Seeing the planets of the Solar System aligned in a neat line is one of many awe-inspiring stargazing experiences we can get – and this month you could have a chance to see it with your own eyes.
From the middle of the month, when viewed from the Northern Hemisphere, you'll be able to see Saturn, Mars, Venus, and Jupiter all lined up in an almost-perfect planetary alignment in the pre-dawn sky.
The alignment starts to form from around April 17, but will be at its most viewable on the morning of April 20. To see the alignment from the US, you'll need to get up before sunrise on the morning of April 20, and look towards the east.
There, on the horizon, provided viewing conditions are good, you should be able to make out all four planets aligned in a celestial row, although as some have pointed out, Jupiter's proximity to the horizon could make it a bit harder to make out.
As keen stargazers likely already know, Saturn, Mars, and Venus have actually been clustering together since late March, but it won't be until mid-April that Jupiter will join the party.
A few days later – on around April 23 – the alignment is set to become even more spectacular, with the Moon lining up to join the party on the right.
When heavenly bodies align like this, it happens only in Earth's skies, of course.
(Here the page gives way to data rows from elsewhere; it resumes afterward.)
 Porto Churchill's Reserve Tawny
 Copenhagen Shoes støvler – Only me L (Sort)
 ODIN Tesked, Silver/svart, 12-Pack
Viewed from a different location in space, the position of each planet would be completely different.
The Solar System is effectively flat, with each planet orbiting the Sun within the same plane, so any perceived alignment is just a trick of perspective, depending on where and when you are.
Nevertheless, planetary alignments are an amazing thing to witness, and they don't happen very often – at least not with alignments involving as many planets as this.
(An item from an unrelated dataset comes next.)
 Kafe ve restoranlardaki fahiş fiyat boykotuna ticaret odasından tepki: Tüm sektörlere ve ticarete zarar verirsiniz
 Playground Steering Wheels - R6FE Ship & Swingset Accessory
That said, this month's alignment, while rare itself, is really just an appetizer for an even more incredible event set to take place in June this year.
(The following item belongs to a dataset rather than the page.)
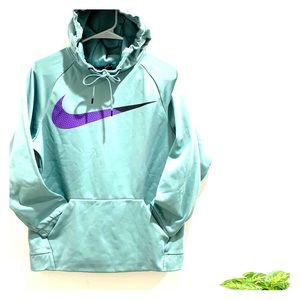 Nike hoodie ♥️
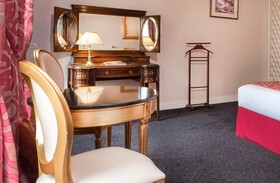 Hôtel Claridge Paris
On June 24, all of the other planets of the Solar System – Mercury, Venus, Mars, Jupiter, Saturn, Neptune, and Uranus – will join together in an even grander planetary alignment, although you'll probably need binoculars or a telescope to see Neptune and Uranus; the alignment will also stretch out over a greater section of the sky, making it harder to discern or photograph.
Despite these challenges, major planetary alignments like this one, visible to the human eye, are very, very rare, and have only occurred three times since 2005, so you don't want to miss it.
"We don't always get this opportunity," astronomy educator Michelle Nichols from Chicago's Adler Planetarium told Live Science. "Sometimes, it's one or two in the sky; a lot of times, it's none."